Scraped caption text data:
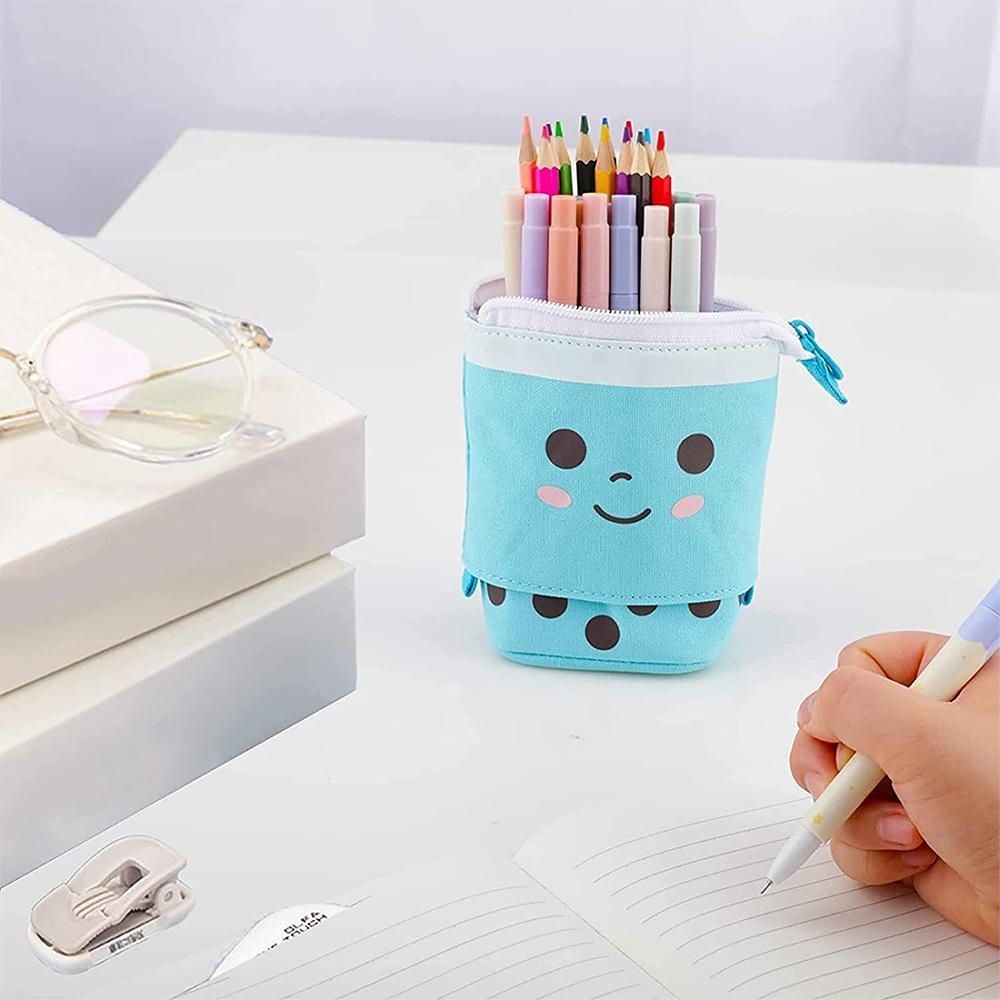 ANGOO Standing Pencil Case Cute Telescopic Pen Holder Kawaii Stationery Pouch for Students Women Teens Girls Boys Blue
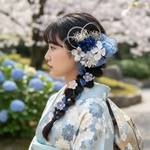 N23  つまみ細工　髪飾り　青　卒業式　袴　結婚式　ドライフラワー　成人式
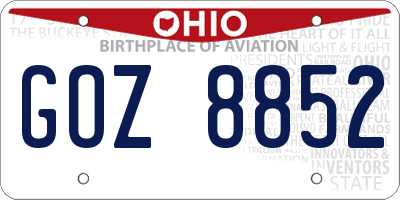 OH license plate GOZ8852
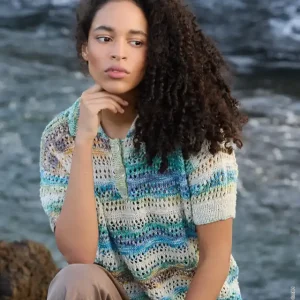 Poloshirt Mit Lochmuster aus Gomitolo Hippie Top-Angebot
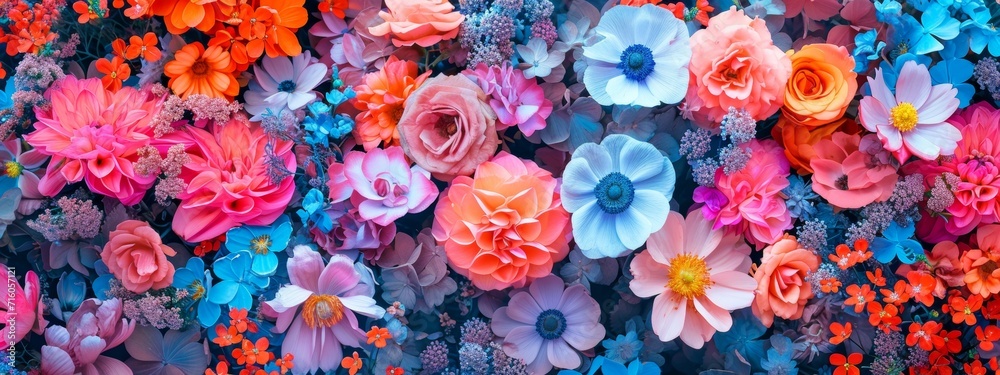 Vibrant petals dance among an annual rose garden, forming a stunning floral art piece in shades of pink and green
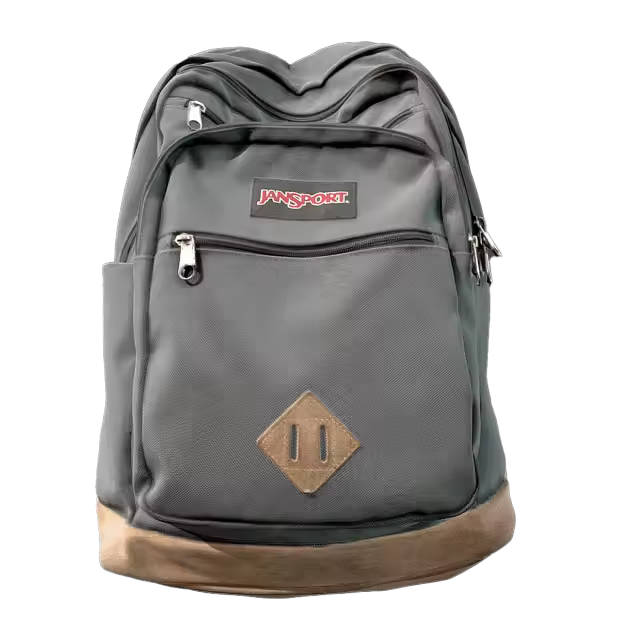 JanSport 杰斯伯 皮革拼接户外双肩包 灰色模型预览图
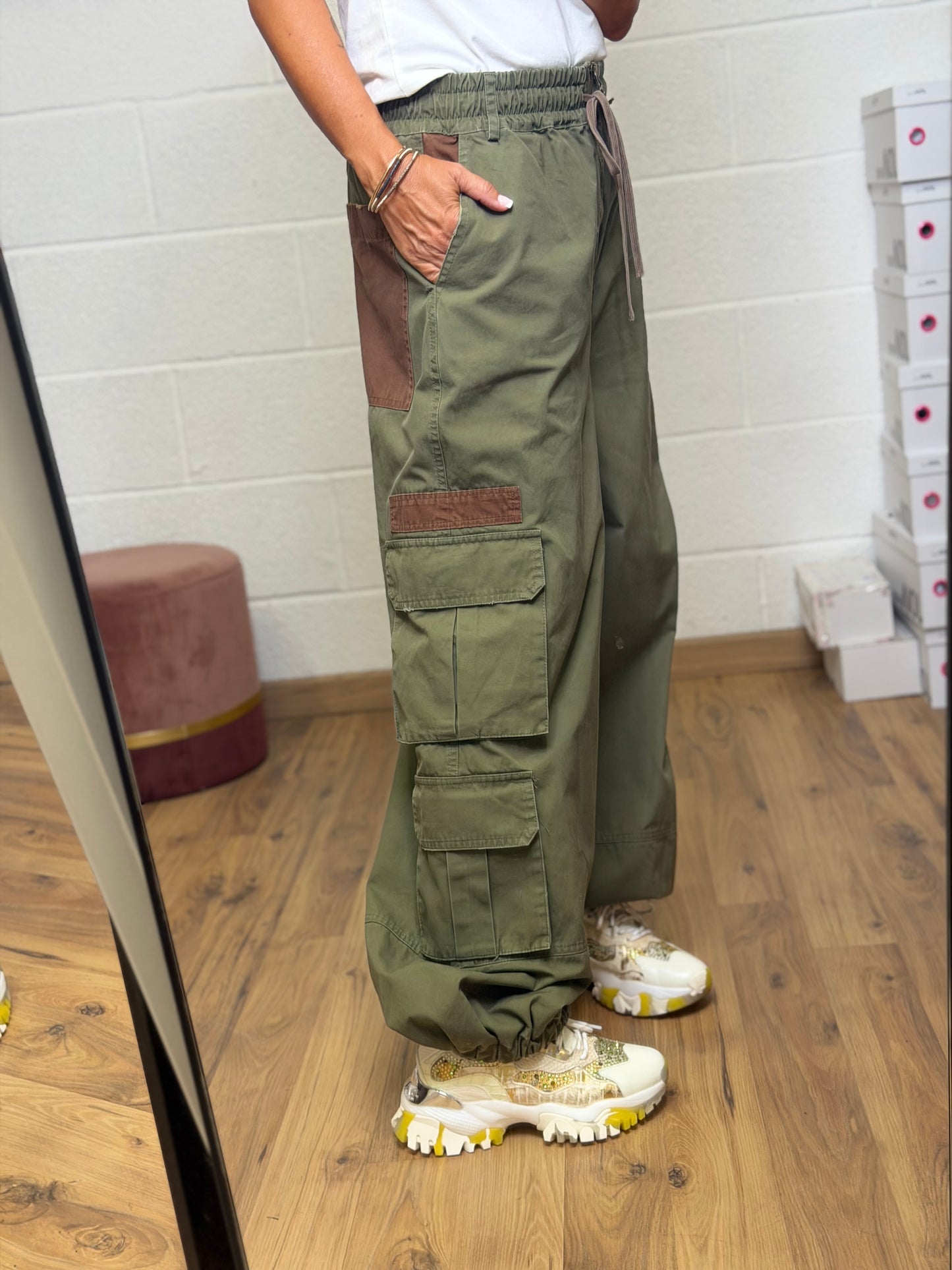 Front Street. Pantalone Cargo Utility – Verde Militare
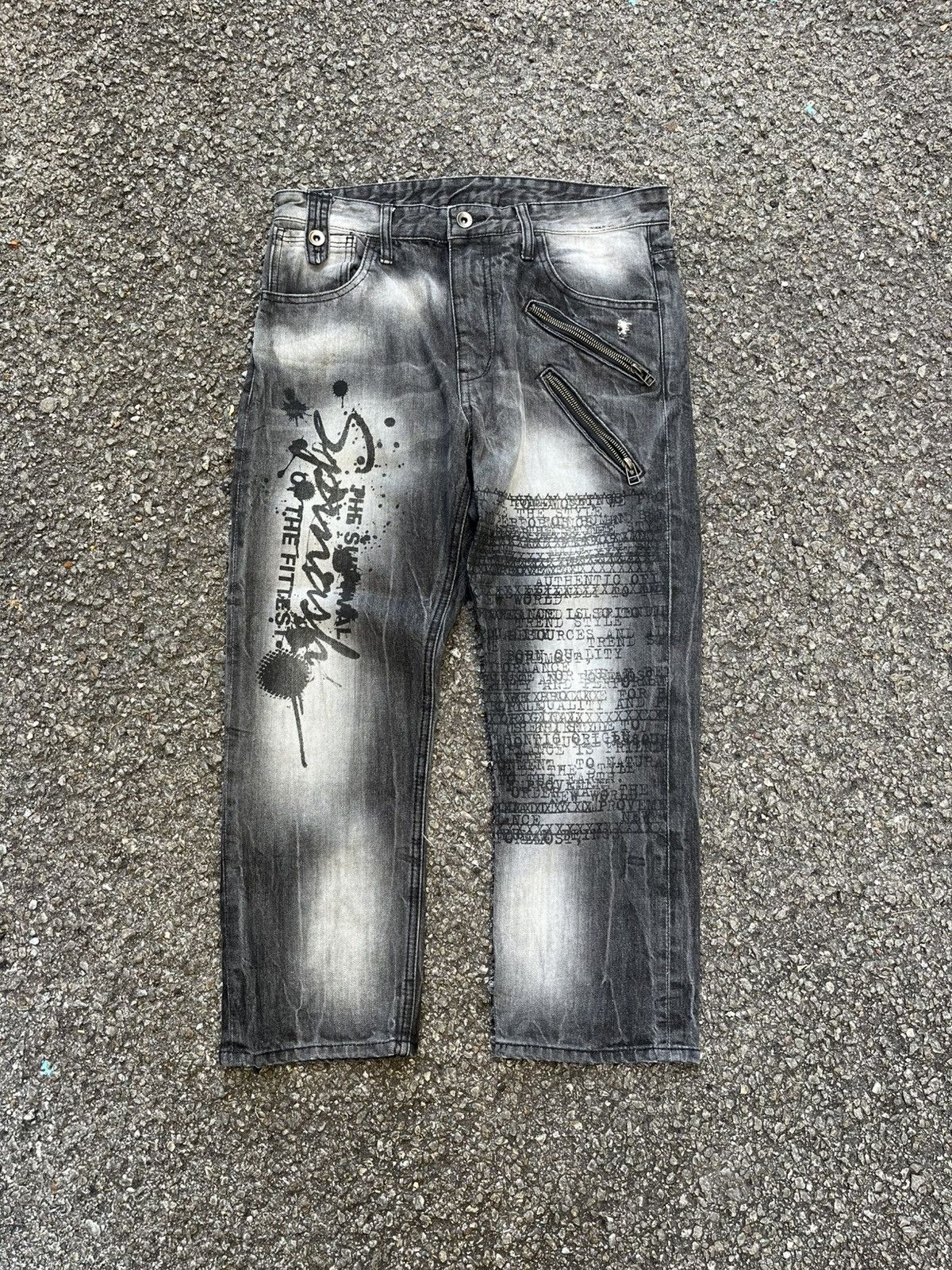 Hysteric Glamour Japanese Vintage SPINASH Skull Poem Punk Jeans Faded Denim Size US 31 - 1 Thumbnail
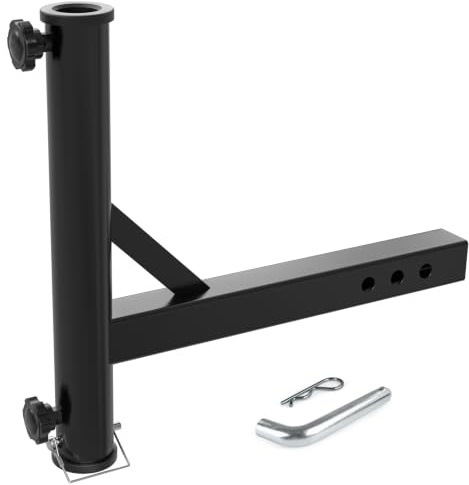 MAXXHAUL 50240 Heavy Duty Hitch Mount Flagpole and Umbrella Holder with Anti Wobble Screws for Standard 2 inch Hitch Receiver for SUV Vans Car Pickup Truck RV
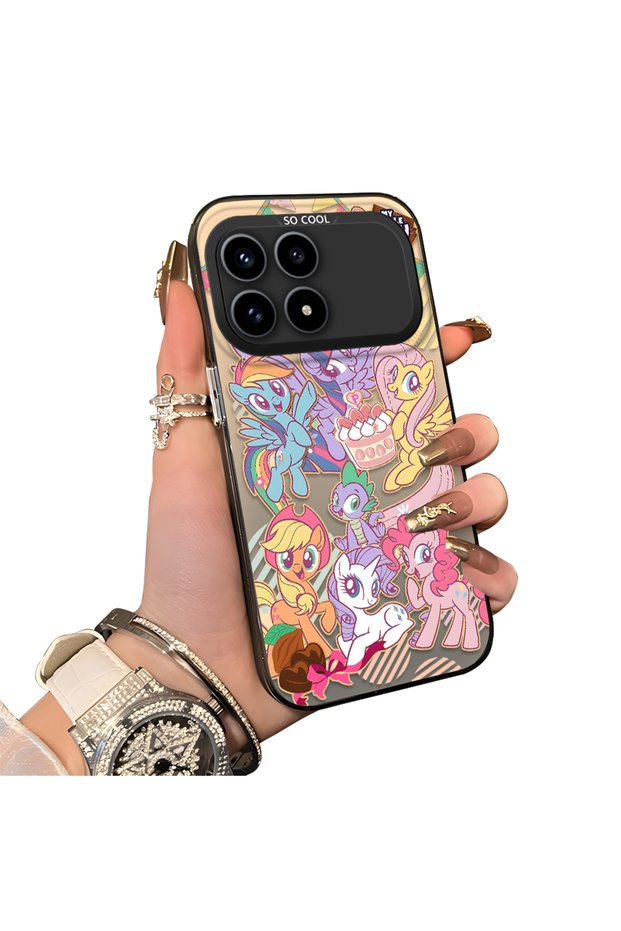 Xiaomi Redmi K90 5g Compatible Acrylic Hard Back Panel with Silicone Edges and Pony Pattern Phone Case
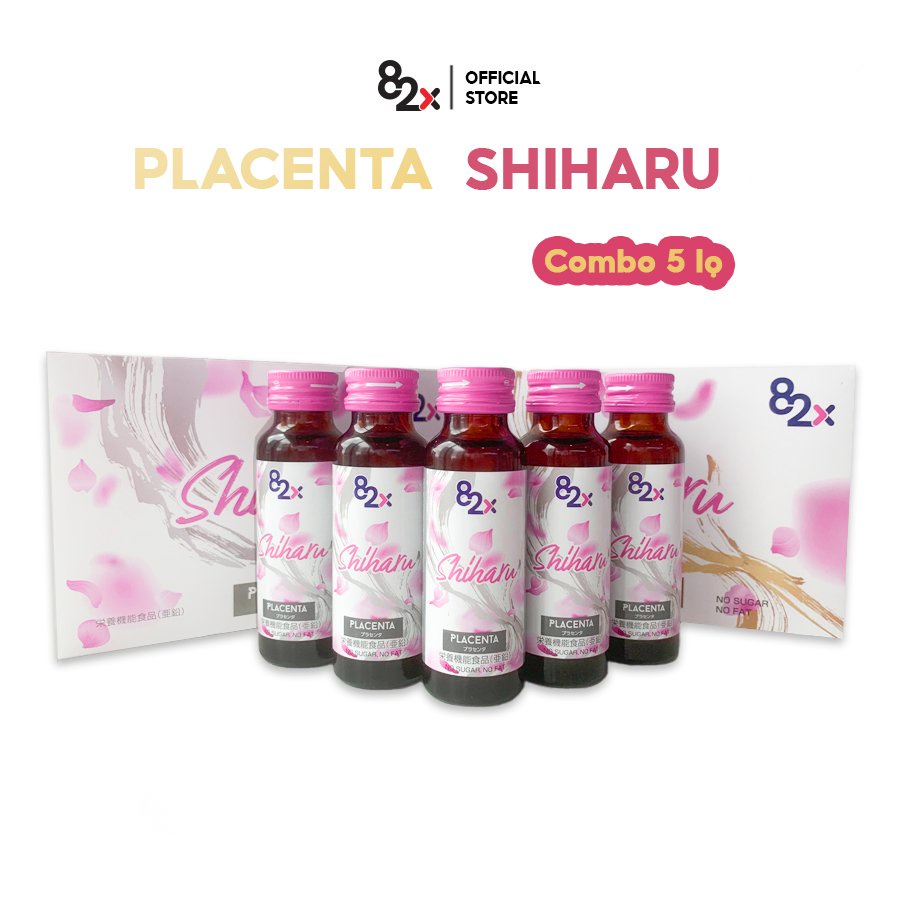 82X Combo 5 chai Nước uống Placenta Shiharu làm đẹp da đến từ Nhật Bản 50ml/lọ.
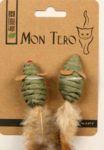 МОН ТЕРО ЭКО игрушка для кошек 2 шт 5см мышь с перьями с кошачьей мятой зелёная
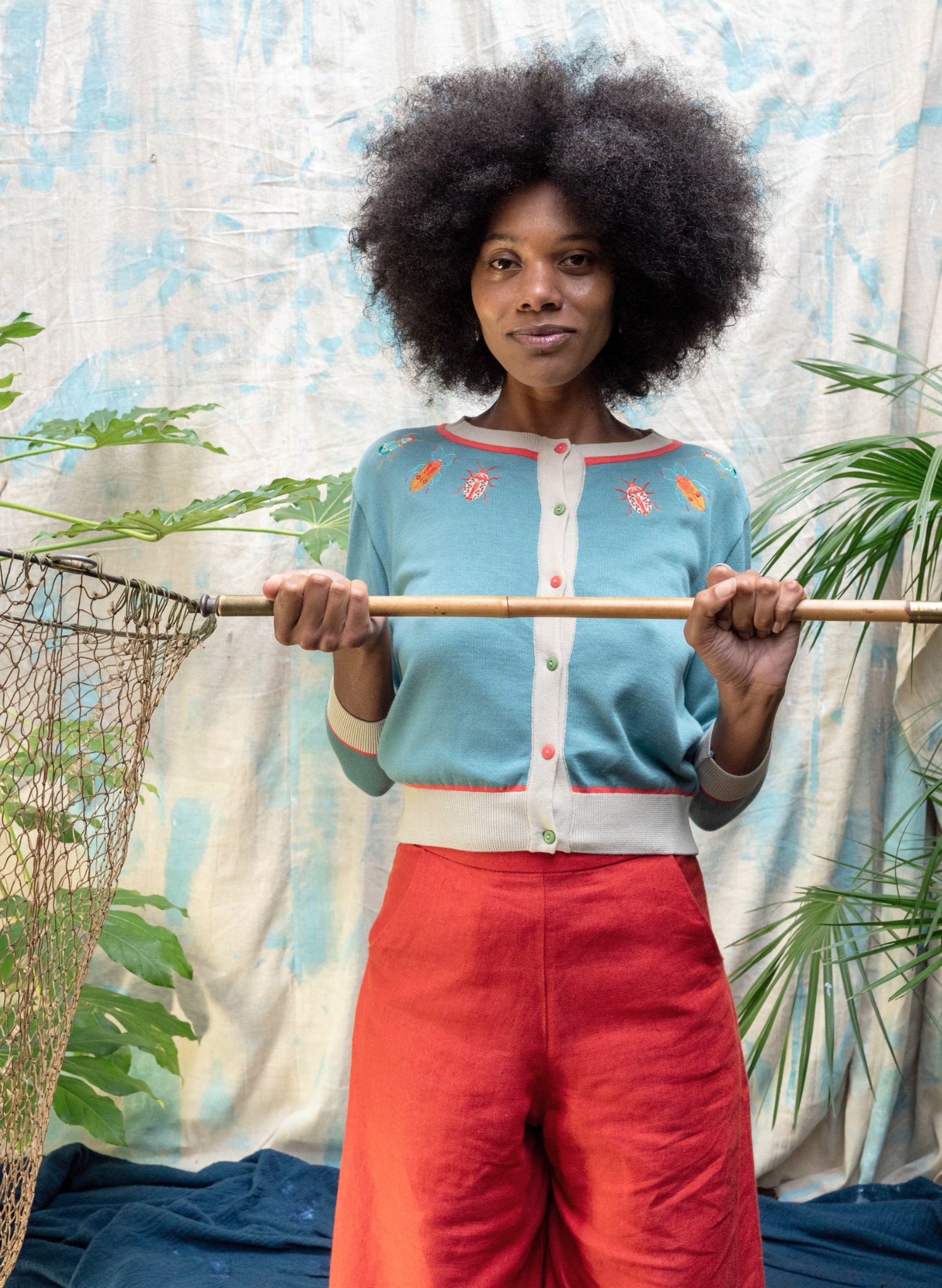 Vera Embroidered Cardigan - Teal Bugs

**Exercise**
Output the entries above exactly, without their pictures.

**Response to this task**
 ANGOO Standing Pencil Case Cute Telescopic Pen Holder Kawaii Stationery Pouch for Students Women Teens Girls Boys Blue
 N23  つまみ細工　髪飾り　青　卒業式　袴　結婚式　ドライフラワー　成人式
 OH license plate GOZ8852
 Poloshirt Mit Lochmuster aus Gomitolo Hippie Top-Angebot
 Vibrant petals dance among an annual rose garden, forming a stunning floral art piece in shades of pink and green
 JanSport 杰斯伯 皮革拼接户外双肩包 灰色模型预览图
 Front Street. Pantalone Cargo Utility – Verde Militare
 Hysteric Glamour Japanese Vintage SPINASH Skull Poem Punk Jeans Faded Denim Size US 31 - 1 Thumbnail
 MAXXHAUL 50240 Heavy Duty Hitch Mount Flagpole and Umbrella Holder with Anti Wobble Screws for Standard 2 inch Hitch Receiver for SUV Vans Car Pickup Truck RV
 Xiaomi Redmi K90 5g Compatible Acrylic Hard Back Panel with Silicone Edges and Pony Pattern Phone Case
 82X Combo 5 chai Nước uống Placenta Shiharu làm đẹp da đến từ Nhật Bản 50ml/lọ.
 МОН ТЕРО ЭКО игрушка для кошек 2 шт 5см мышь с перьями с кошачьей мятой зелёная
 Vera Embroidered Cardigan - Teal Bugs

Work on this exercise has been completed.